SA13B-2346
Observation of summer daytime aurora in the noctilucent cloud layer and its link to high-energy particle precipitation during high-speed solar wind streams
Monday, 14 December 2015
Poster Hall (Moscone South)
Youngsook Lee1, Young-Sil Kwak1, Kyung-Chan Kim1, Brian Solheim2 and Jaeheung Park1, (1)KASI Korea Astronomy and Space Science Institute, Daejeon, South Korea, (2)York University, toronto, Canada
Abstract:
Aurora produced by precipitating low-energy electrons can be suppressed in summer daytime. However, the high-energy electrons (>30 keV) that are unsuppressed by sunlight are capable of penetrating deep into the mesosphere, where they can produce the odd hydrogen (HOx) and eventually lead to catalytic ozone (O3) loss. By elevating the D-region ionization level, they also play the important role of facilitating the production of polar mesospheric summer echoes (PMSE) as a precursor of polar mesospheric clouds (PMC).
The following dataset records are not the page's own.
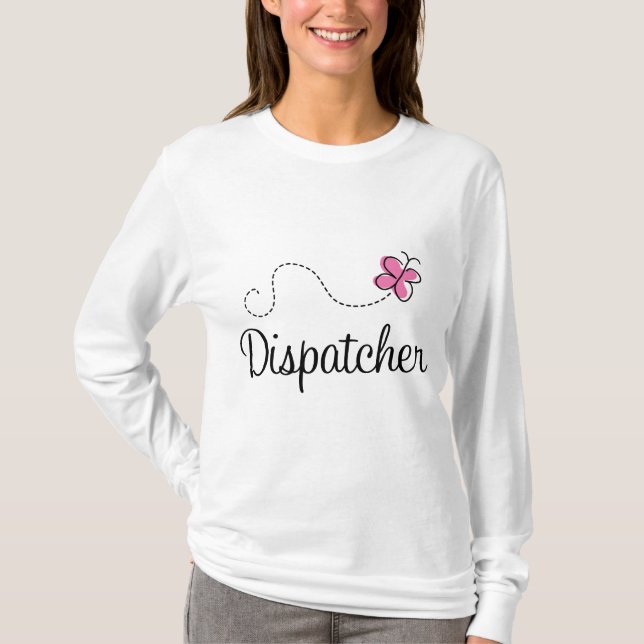 Gullig rosa Dispatcher Tee Shirt (Framsida)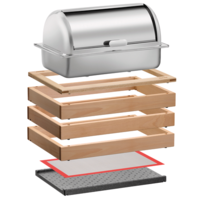 Buffetsystem-Set aus Holz |40,5 x 58 x 41 cm|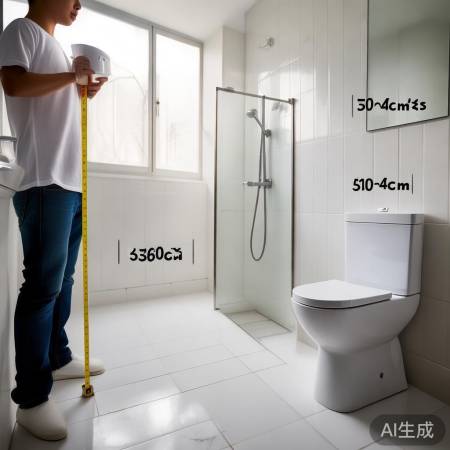 量卫生间尺寸,确保马桶安装顺畅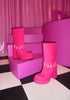 Barbie Botas Rosas Plataforma Charmed Life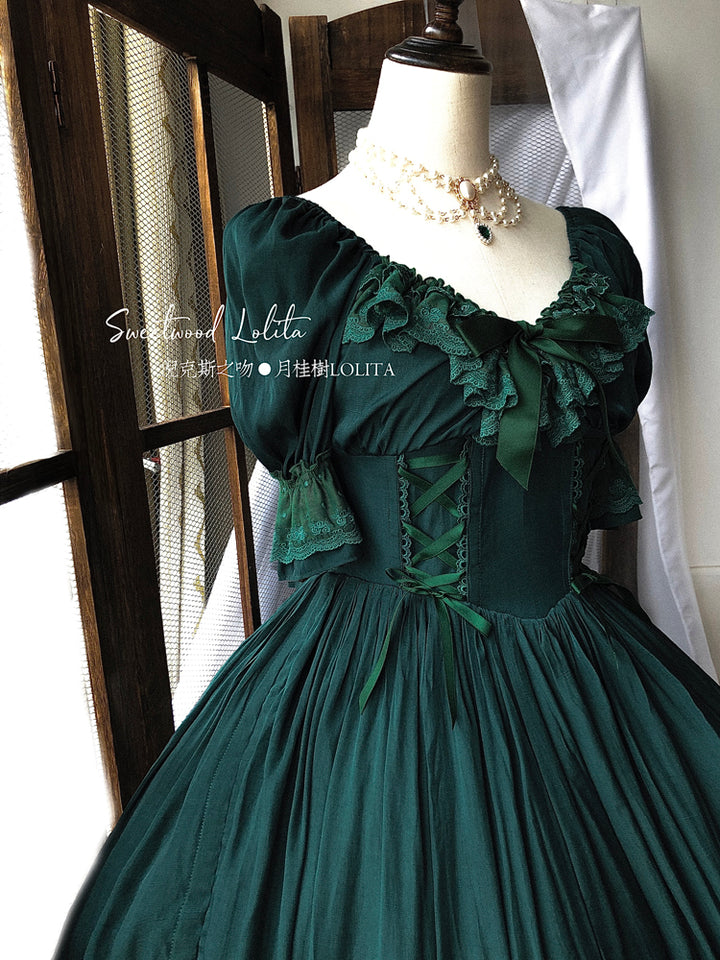 (Buyforme) Sweet Wood~ CLA Vintage French Lolita OP Dress   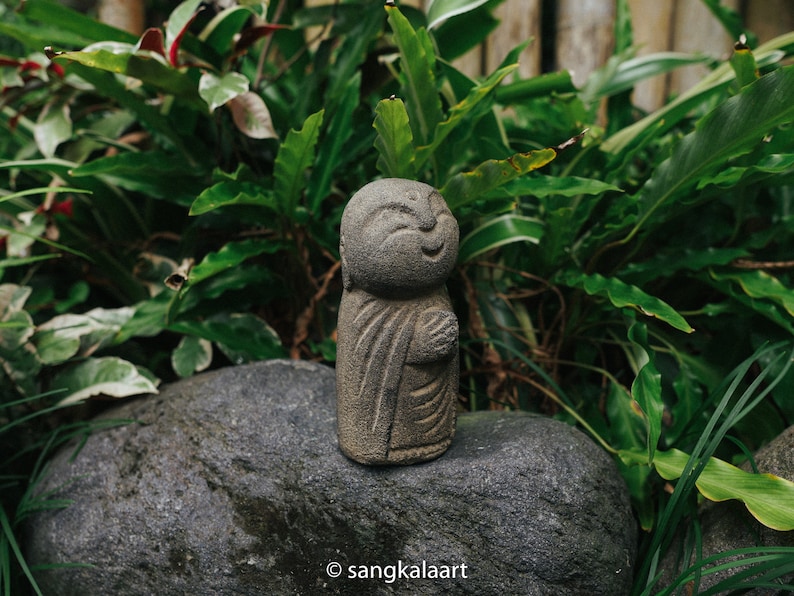 Concrete Jizo Statue Japanese Jizo Buddha Jizo Buddhist Etsy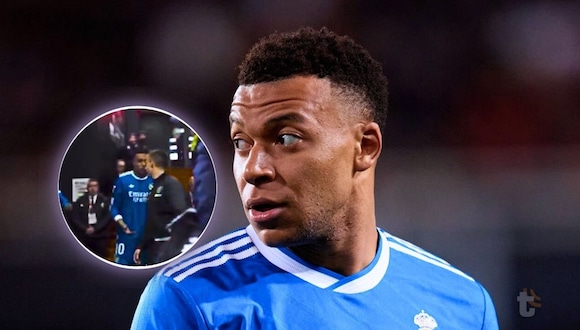 Kylian Mbappé tuvo un polémico cruce con los árbitros durante el Real Madrid vs. Valencia. (Video: DAZN / Foto: Getty Images)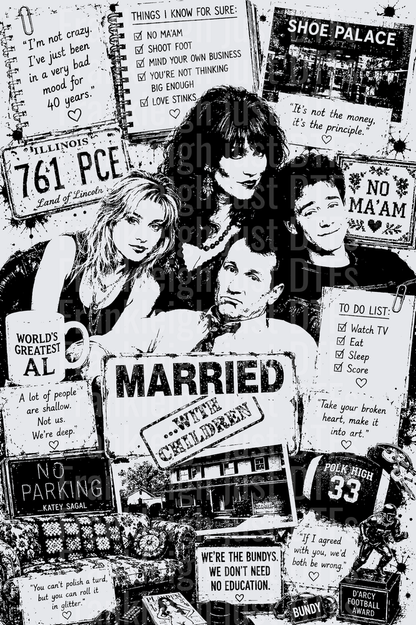 Married with Children Collage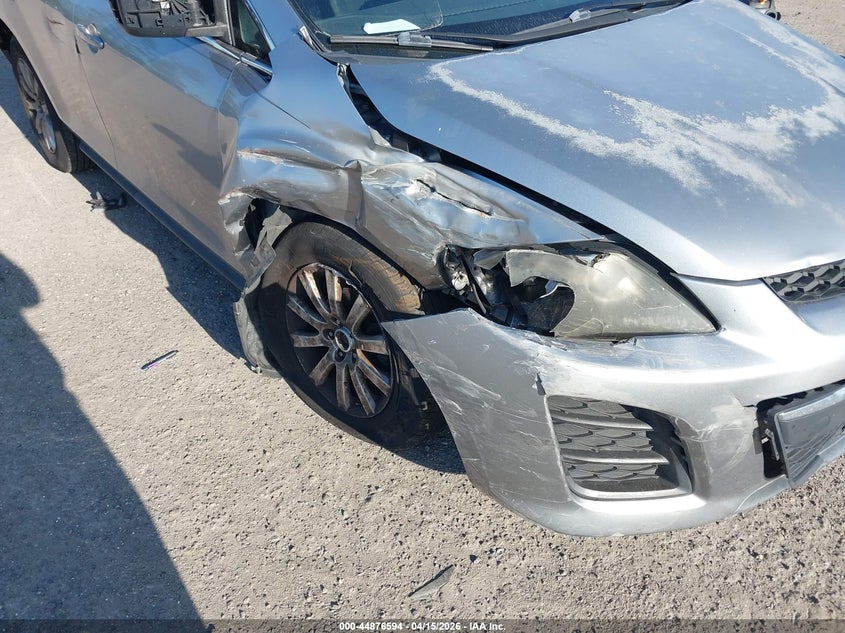 2011 Mazda Cx-7 VIN JM3ER2B52B0372577 IAAI salvage auction — RIGHT FRONT, Rebuildable (Florida), sold $25 on 2026-07-28 (photo 6)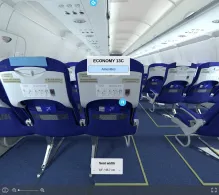 IndiGo Airbus A320-200 seat maps 360 panorama view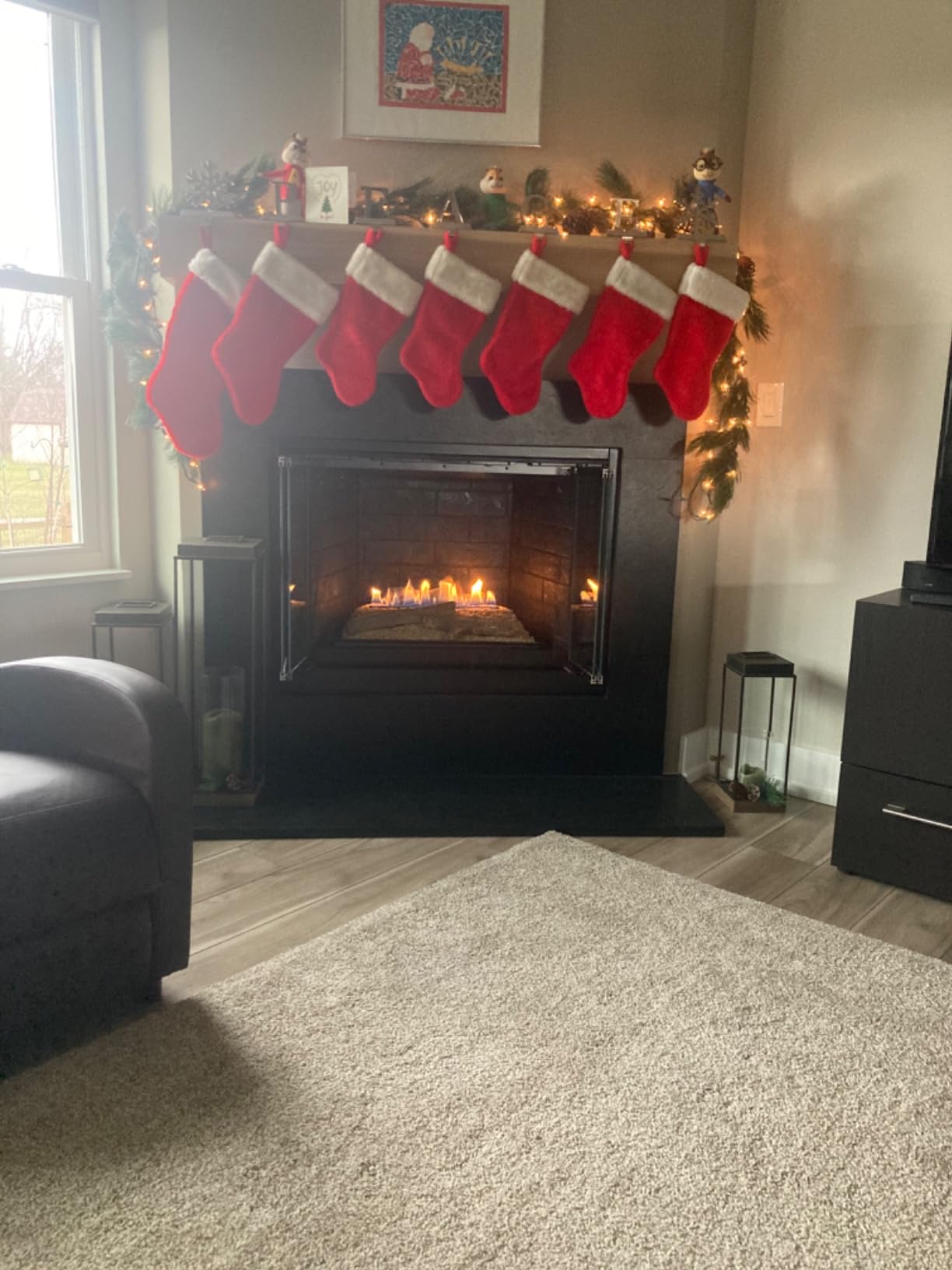 Midwest Hearth Gas Logs Deluxe Decorative Branch and Twig Set | Cast from Real Logs and Hand Painted in USA (Oak 5-Piece) customer photo 2
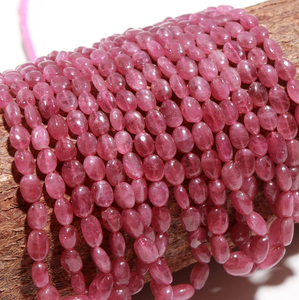 5*8mm Pink <b>Tourmaline</b> Smooth Oval Shape Stone Beads Elegant Pink <b>Tourmaline</b> Jewelry - Product Image 4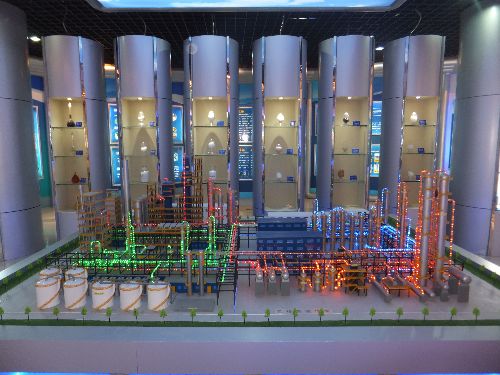 30噸制乙烯化工廠展覽模型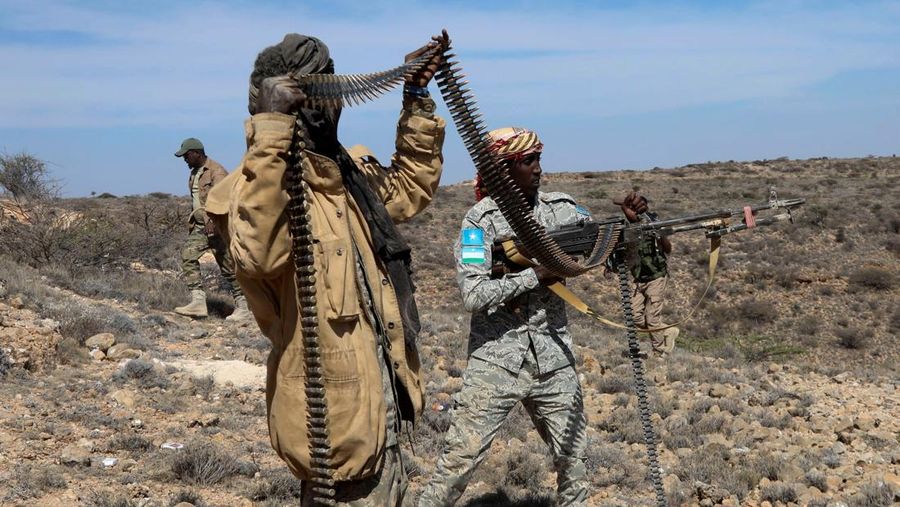 Komando Afrika AS, militer AS melakukan serangan udara terkoordinasi terhadap militan ISIS di Somalia pada Sabtu, 1 Februari 2025. (U.S. Africa Command via AP)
In the present study, it was discovered that high-energy electrons induce supersonic luminous phenomena, including the enhancement of O(1S) 557.7-nm emission with an intensity of up to 300 kR (horizontally integrated) and a supersonic velocity (300–1500 m s-1) as seen within a field of view that is 150-km wide, also called a supersonic burst (SB). SB-accompanied O(1S) emission enhancement is differentiated from aurora because the former occurs only in summer daytime, at a low altitude of ~80 km, and in the form of an intense localised burst. The source of the SB energy might be linked to the precipitation of high-energy electrons (>30 keV), especially as observed during high-speed solar wind streams (HSSs). In producing O(1S) emission, the secondary electron number flux of the precipitated primary electrons increases in magnitude by as much as an order of four, and a local process is required to provide the supplement. The supplementary local process may involve a supersonic velocity possibly caused by ion acceleration in a strong electric field, resulting in the inducement of electron acceleration in the field.